● **PROBLEM DESCRIPTION**
Each line below from the one containing "Großhändler Glam Chic" through the one containing "Epicutis mini 3" is to be given again exactly, and no line outside that span.

[Stored items]
▼▼▼
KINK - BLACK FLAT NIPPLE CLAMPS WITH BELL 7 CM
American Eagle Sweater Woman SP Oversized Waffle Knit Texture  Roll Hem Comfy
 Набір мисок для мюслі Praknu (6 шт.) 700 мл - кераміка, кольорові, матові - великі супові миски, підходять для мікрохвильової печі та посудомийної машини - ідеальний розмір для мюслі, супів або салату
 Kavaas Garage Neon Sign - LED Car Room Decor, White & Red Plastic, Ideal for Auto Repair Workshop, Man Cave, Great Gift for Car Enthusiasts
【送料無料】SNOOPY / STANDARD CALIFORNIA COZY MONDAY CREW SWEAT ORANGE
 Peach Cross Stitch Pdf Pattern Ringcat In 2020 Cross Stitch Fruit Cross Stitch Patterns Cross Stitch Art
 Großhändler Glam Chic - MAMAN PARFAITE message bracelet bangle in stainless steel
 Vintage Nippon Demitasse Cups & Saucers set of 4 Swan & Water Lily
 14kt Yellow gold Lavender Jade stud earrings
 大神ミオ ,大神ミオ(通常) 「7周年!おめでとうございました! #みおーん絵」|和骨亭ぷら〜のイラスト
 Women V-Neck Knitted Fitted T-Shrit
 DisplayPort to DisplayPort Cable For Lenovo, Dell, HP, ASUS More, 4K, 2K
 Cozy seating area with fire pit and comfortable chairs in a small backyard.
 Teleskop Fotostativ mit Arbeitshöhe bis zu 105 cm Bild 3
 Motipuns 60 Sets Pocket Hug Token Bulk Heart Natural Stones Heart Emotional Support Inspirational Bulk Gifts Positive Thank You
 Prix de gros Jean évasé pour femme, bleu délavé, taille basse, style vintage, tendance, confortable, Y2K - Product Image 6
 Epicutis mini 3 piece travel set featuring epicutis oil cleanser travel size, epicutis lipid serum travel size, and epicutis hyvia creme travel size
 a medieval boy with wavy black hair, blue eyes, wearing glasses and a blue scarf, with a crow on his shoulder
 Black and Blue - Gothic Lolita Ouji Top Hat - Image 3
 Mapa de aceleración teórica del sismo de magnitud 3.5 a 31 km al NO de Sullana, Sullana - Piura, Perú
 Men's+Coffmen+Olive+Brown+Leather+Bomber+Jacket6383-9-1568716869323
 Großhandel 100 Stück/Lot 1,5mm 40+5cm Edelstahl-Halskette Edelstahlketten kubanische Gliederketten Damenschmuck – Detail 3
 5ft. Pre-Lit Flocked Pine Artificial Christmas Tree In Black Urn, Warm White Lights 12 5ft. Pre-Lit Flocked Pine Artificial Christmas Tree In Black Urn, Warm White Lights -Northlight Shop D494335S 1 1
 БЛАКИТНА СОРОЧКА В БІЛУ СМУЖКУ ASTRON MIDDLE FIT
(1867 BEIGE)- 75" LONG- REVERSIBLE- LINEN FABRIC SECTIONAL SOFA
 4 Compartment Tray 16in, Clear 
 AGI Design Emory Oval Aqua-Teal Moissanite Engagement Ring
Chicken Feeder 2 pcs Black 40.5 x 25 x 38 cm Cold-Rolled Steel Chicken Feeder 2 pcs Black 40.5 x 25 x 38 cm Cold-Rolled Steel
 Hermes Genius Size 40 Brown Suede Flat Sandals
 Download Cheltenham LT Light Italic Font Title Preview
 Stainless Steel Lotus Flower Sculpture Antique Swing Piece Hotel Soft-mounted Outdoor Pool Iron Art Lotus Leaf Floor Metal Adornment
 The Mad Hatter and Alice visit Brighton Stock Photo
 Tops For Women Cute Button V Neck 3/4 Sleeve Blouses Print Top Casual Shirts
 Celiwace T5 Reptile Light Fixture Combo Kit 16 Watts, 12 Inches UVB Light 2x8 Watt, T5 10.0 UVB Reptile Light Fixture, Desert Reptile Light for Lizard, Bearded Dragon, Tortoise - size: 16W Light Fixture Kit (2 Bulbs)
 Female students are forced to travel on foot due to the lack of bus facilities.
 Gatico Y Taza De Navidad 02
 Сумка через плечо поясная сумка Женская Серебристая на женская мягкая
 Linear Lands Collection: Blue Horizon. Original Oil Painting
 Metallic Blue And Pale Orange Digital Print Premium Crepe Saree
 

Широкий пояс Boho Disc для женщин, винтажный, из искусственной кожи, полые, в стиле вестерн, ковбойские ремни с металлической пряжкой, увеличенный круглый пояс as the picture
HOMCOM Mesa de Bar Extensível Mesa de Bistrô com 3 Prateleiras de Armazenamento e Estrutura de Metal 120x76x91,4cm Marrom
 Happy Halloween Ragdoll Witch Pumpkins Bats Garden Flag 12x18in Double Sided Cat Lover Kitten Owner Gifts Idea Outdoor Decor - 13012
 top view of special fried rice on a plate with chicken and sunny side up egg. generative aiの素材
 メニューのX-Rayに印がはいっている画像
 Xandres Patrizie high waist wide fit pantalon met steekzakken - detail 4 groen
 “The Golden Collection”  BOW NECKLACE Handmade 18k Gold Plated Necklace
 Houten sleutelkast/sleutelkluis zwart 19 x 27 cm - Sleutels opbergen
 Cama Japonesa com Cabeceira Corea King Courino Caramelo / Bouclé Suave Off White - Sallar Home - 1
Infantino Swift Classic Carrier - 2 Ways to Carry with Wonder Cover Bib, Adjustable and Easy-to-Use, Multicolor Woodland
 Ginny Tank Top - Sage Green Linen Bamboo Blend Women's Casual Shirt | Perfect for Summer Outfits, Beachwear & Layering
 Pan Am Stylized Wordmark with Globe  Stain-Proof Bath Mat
▲▲▲
● **RESPONSE TO THIS TASK**
 Großhändler Glam Chic - MAMAN PARFAITE message bracelet bangle in stainless steel
 Vintage Nippon Demitasse Cups & Saucers set of 4 Swan & Water Lily
 14kt Yellow gold Lavender Jade stud earrings
 大神ミオ ,大神ミオ(通常) 「7周年!おめでとうございました! #みおーん絵」|和骨亭ぷら〜のイラスト
 Women V-Neck Knitted Fitted T-Shrit
 DisplayPort to DisplayPort Cable For Lenovo, Dell, HP, ASUS More, 4K, 2K
 Cozy seating area with fire pit and comfortable chairs in a small backyard.
 Teleskop Fotostativ mit Arbeitshöhe bis zu 105 cm Bild 3
 Motipuns 60 Sets Pocket Hug Token Bulk Heart Natural Stones Heart Emotional Support Inspirational Bulk Gifts Positive Thank You
 Prix de gros Jean évasé pour femme, bleu délavé, taille basse, style vintage, tendance, confortable, Y2K - Product Image 6
 Epicutis mini 3 piece travel set featuring epicutis oil cleanser travel size, epicutis lipid serum travel size, and epicutis hyvia creme travel size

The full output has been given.